United Nations Climate summit will be held November 28-December 9th 2011 in Durban South Africa. The Kyoto Protocol, which commits developed countries to cut their emissions, is set to expire in 2012. After both the Copenhagen (2009) and Cancun (2010) Climate summits failed to produce a legally binding climate treaty, delegates to the Durban talks are under immense pressure to produce some kind of deal that will be acceptable to both rich and developing nations. However, it is reported that cap-and-trade concept is losing support among the pervious signers of the Kyoto treaty and China and India who are now major producers of greenhouse gas because of concern about jobs, costs and bureaucratic complexity.

The “emerging nations,” including China and India want an extension of Kyoto, which required the industrialized nations to cut greenhouse gas emissions by 5.2% below 1990 levels from 2008-12. The world's two largest greenhouse gas emitters are China and the United States. The U.S. never ratified Kyoto, arguing it should contain 2012 goals for emerging economies and would cost U.S. jobs. China was exempted as an emerging economy, and though it is now the largest greenhouse gas emitter on earth, it wants to remain exempted from reducing or even stabilizing greenhouse gas emissions under any new agreement. In September India announced that it would not accept any legally binding limits on greenhouse gas emission, and Japan announced that they are reconsidering plans to cut carbon-dioxide emissions by 25% by 2020 due to closing of a significant portion of its nuclear power generation, and the costs of the carbon-credit programs that required the spending of almost $11 billion on carbon abatement programs in other countries. Overall, expectations for the future of the Kyoto Protocol are low and some doubt whether if a second commitment period is feasible with only support from EU which accounts only around 11% of the world’s greenhouse gas emissions and is itself reconsidering its nuclear power generation after the Fukushima Daiichi nuclear reactors were damaged after the quake. If nuclear reactors are going to be phased out as low greenhouse gas emission power generation there is no way to achieve carbon reductions without reducing the size of the economy, the standard of living or the size of the population.

The California Cap and Trade program requirements will help the current crop of California solar projects. If you will recall, the Department of Energy recently issued its final round of loan guarantees before the program ended and these final four loans included three generation project in California.

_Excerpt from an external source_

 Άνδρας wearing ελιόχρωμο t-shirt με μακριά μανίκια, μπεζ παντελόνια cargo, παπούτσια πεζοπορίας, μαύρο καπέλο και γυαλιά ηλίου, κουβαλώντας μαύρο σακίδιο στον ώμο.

California Valley Solar Ranch Project a $1.237 billion loan guarantee to allow SunPower Corp to borrow the money to build a 250-megawatt photovoltaic electricity generating array in San Luis Obispo County, California using sun tracking technology to increase electricity output. The power will be sold to Pacific Gas and Electric Co. and will generate enough (very expensive) electricity to power 64,000 homes and will allow SunPower to increase demand for their panels and maintain or increase production. Construction employment will be significant, but permanent jobs will be few. The panels do not need much operation.